--- Task details ---
Starting with the line that holds "Property photo 1 of 11 Photo 0" and stopping after the line that holds "4 Cameron Place, Wallkill, NY 12589", repeat the lines below word for word, without the pictures.

··· Source records

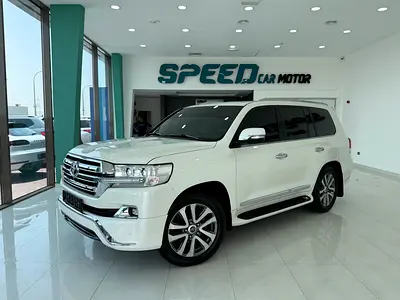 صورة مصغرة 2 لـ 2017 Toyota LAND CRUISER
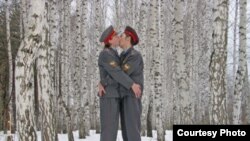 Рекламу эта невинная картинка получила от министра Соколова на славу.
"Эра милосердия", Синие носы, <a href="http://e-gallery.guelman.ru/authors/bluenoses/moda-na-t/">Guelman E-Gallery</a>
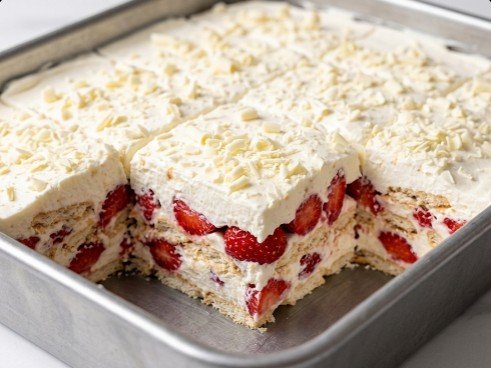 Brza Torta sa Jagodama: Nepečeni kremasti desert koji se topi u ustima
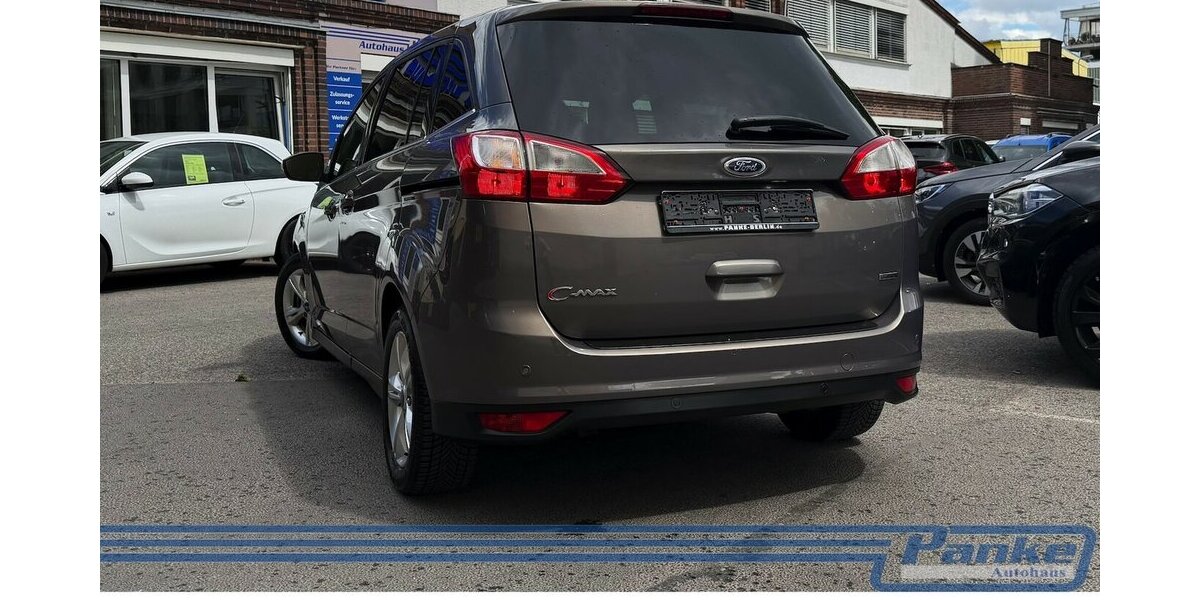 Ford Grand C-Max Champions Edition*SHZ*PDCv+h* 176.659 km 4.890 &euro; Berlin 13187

······
··· Source records

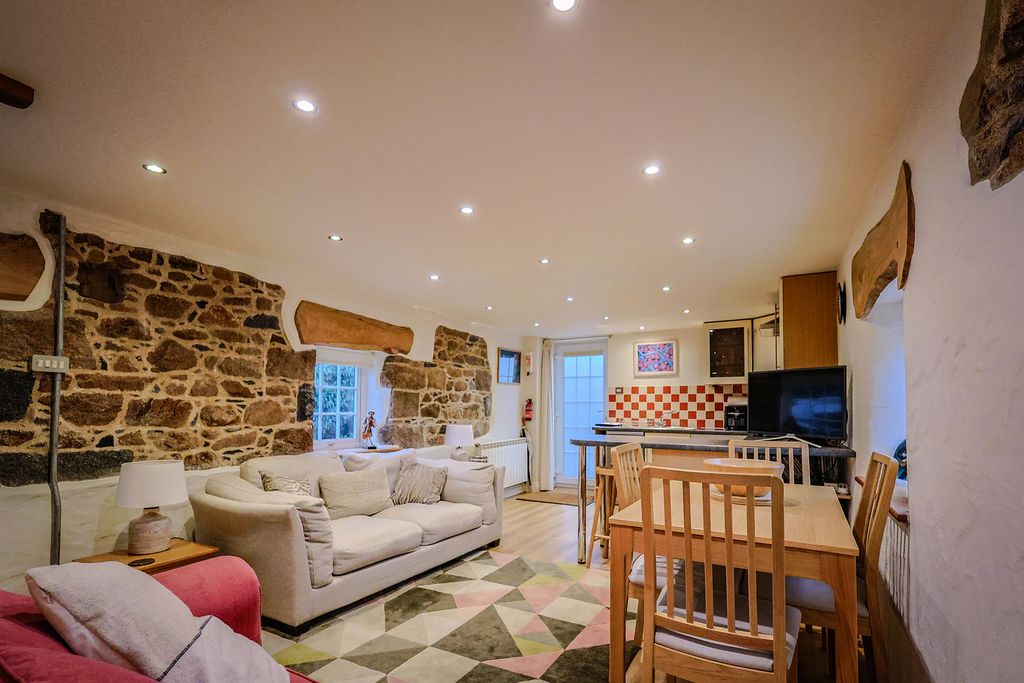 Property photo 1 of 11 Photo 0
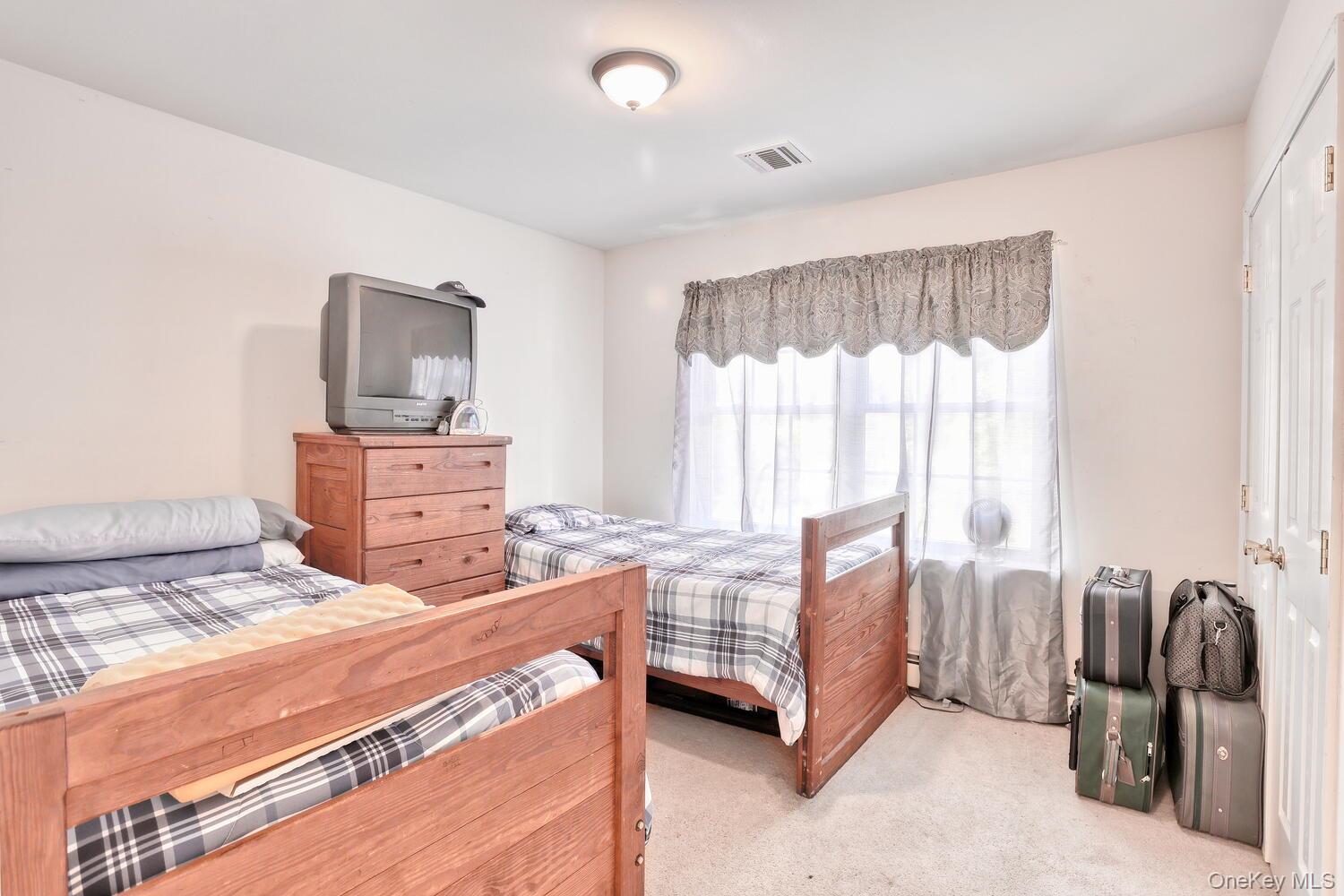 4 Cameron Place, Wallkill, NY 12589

······

--- Worked solution ---
 Property photo 1 of 11 Photo 0
 4 Cameron Place, Wallkill, NY 12589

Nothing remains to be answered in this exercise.